No one should charge me with being a racist – they should examine my history! But I am tired of blowing a trumpet of warning since 1954. I am now in my 98th year, but still in good health and with all my mental faculties in good order. I am only saying this because I do not want this warning to be dismissed as the ramblings of a half-witted old man!

Some 20 or 30 years ago, my good friend, David Pawson, now departed, prophesied that the day would come when Britain would become a Muslim country and subjected to Islamic law. This would be a tragedy – especially for women who would be reduced to second-class citizenship and probably even denied education as they are in Afghanistan and made to wear burkas, as they are in Iran.

 

Listening to the people

I am making this one last plea to the British Government to change the Immigration Laws of this land!! In addition to stopping the boats, all new immigrants should be required to attend an ‘Induction Course’ before being granted British citizenship. The practice of allowing Asians to go back home to get a marriage partner must be stopped! It is increasing the number of Asians in this country at a rapid pace and it will totally undermine and destroy the character of the British nation.
 

All new immigrants should be required to attend an ‘Induction Course’ before being granted British citizenship.

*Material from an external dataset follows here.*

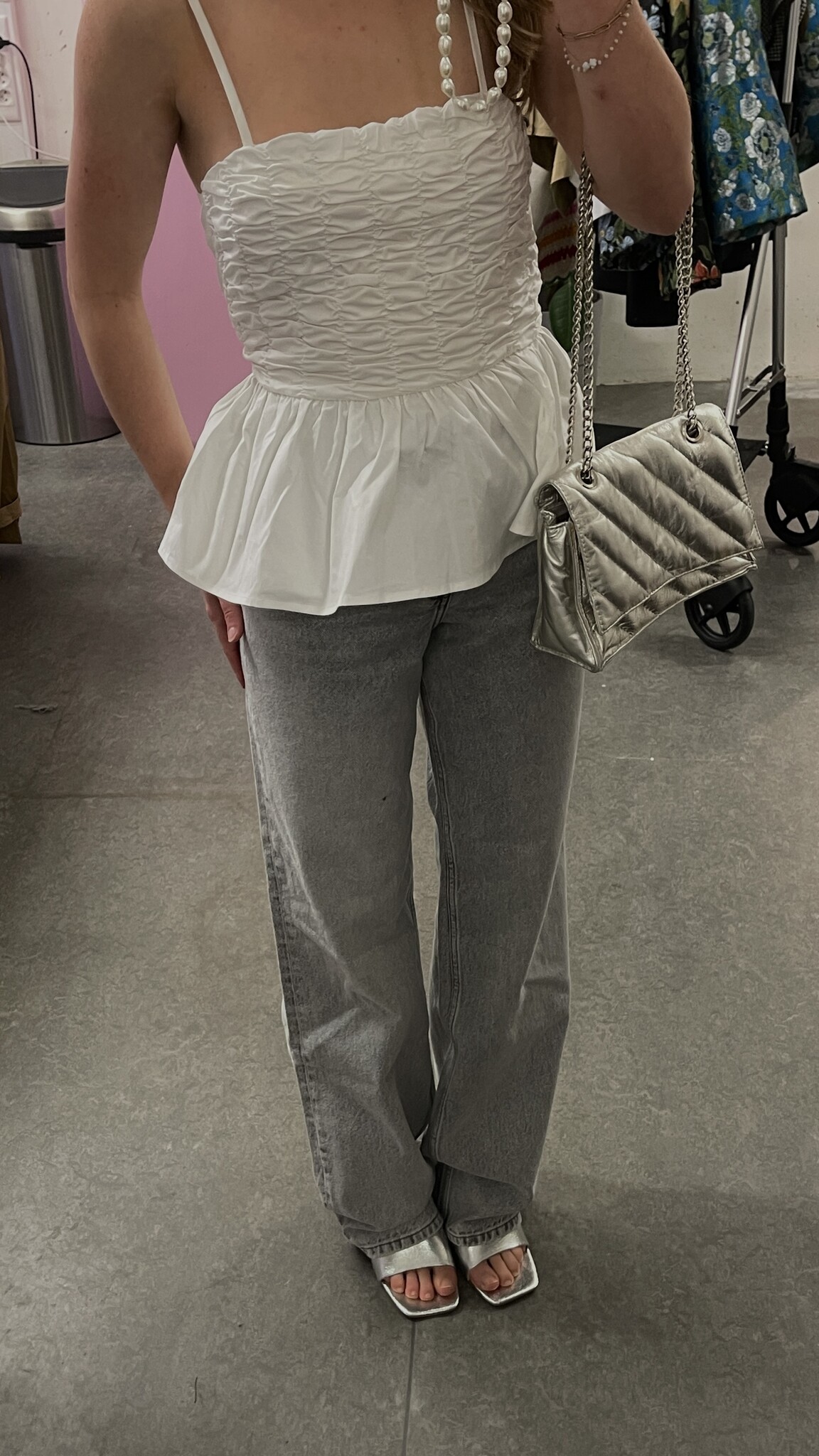 LAAGAM Matilda White Ruched Top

The anger in the nation is not confined to the ‘far right’ as the Government assumes. That is a dangerous lie! They need to listen to the ordinary British working class and middle-class people who are fair-minded and deeply concerned at the signs that the whole character of the nation is being lost. We need an open discussion of the race issues in Britian.
This anger will not be dispersed by handing out a few prison sentences to lawbreakers. The Government has to listen to the ordinary people of this land and be courageous enough to deal with the real issues.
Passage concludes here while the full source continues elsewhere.